Let us take $X=\operatorname{Spec}A$, where $A$ is a commutative ring. I am trying to show that every locally closed irreducible subset of $X$ contains an unique generic point.
This is what I've been thinking so far:
Let $Y$ be our irreducible, locally closed subset. We know that $q=I(Y) = \bigcap_{p \in Y} p$ is a prime ideal, I believe we would be done if we could show that $q \in Y$. Let us write $Y = V(\mathfrak{a}) \cap U$, for $U$ open. If $U$ would happen to be a principal open, of the form $D(f)$, then $Y = V(\mathfrak{a}) \cap U$ could be written as $\operatorname{Spec}B$ where $B = A_f / \mathfrak{a}A_f$. In this case, to say that Spec B is irreducible would simply mean that it had an unique minimal prime, which of course would have to lie in $\operatorname{Spec}B$. I feel uneasy about this argument, and I'm not totally sure if it is correct. However, if it is done in this special case, how could it be used to show the general case?
I guess we could argue from our special case if we wrote $Y = V(\mathfrak{a}) \cap  (\bigcup_i D(f_i)) = \bigcup_i (V(\mathfrak{a}) \cap D(f_i))$,  but I'm not sure.

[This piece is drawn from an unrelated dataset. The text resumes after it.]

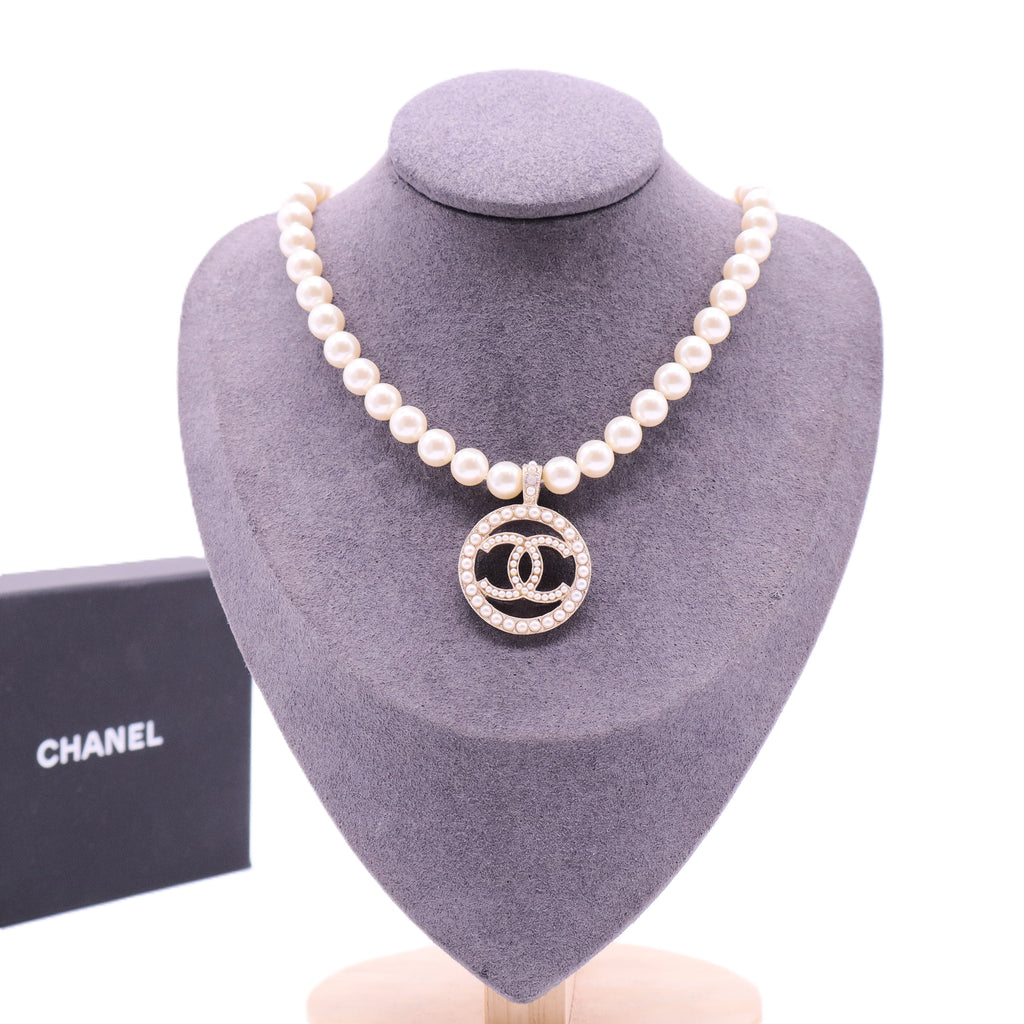Chanel Faux Pearl & Crystal CC Pendant Necklace twins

So, I am very grateful for any help here, and answers on how to tackle this.
 A: Write $Y=\bar Y\cap U$ where "bar" means closure in the topological space $X$ and $U\subset X$ is some open set.
Existence of generic point
 Since $Y$ is irreducible, so is $\bar Y$.

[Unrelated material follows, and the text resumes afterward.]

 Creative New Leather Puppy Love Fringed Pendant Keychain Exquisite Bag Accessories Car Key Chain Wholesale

 Therefore $\bar Y$ has a generic point $\eta$ and $\bar{ \lbrace \eta\rbrace }=\bar Y$.
Of course $\eta\in Y$, else we would have $\bar{ \lbrace \eta\rbrace }=\bar Y\subset X\setminus U$ and thus $\overline { Y}\cap Y=\emptyset$, an absurd statement.
Thus $\eta$ is a generic point for  $Y$ since its closure in $Y$ is $\bar Y\cap Y=Y$.  
Uniqueness  of generic point
If $\eta'$ were another generic point of $Y$, its closure in $X$ would also be $\bar Y$.
But an irreducible closed subset of a scheme has only one generic point, hence $ \eta'=\eta$ .
Edit: Warning !
If $Y \subset X=Spec(\mathbb Z)$ is the complement of the generic point $\eta=(0)\in Spec(\mathbb Z)$, then $Y$ is an  irreducible subspace of $X$.  However $Y$ has no generic point!
The explanation of this apparent contradiction to the above  is that $Y$ is not locally closed in $X$.
A: We use the order reversing bijective correspondence between closed subsets and radical ideals multiple times. 
Let $V(I)$ be an irreducible closed subset, where $I$ is a radical ideal. Let $J,K$ be any ideals, if $JK\subset I$, then $V(I)\subset V(JK)=  V(J)\cup V(K)$. Therefore we have the decomposition of
$$V(I) = \left(V(I)\cap V(J)\right) \bigcup \left(V(I)\cap V(K)\right).$$ 
By irreducibility, we must have WLOG $V(I) = V(I)\cap V(J)$, that is $V(I)\subset V(J)$. From here we pass to the radical and conclude that $J\subset \sqrt{J}\subset \sqrt{I} = I$.
Using similar argument we can see easily that if $I$ is prime, then $V(I)$ is an irreducible closed subset. Therefore we have a bijection between irreducible closed subsets and prime ideals, which are points of the affine scheme.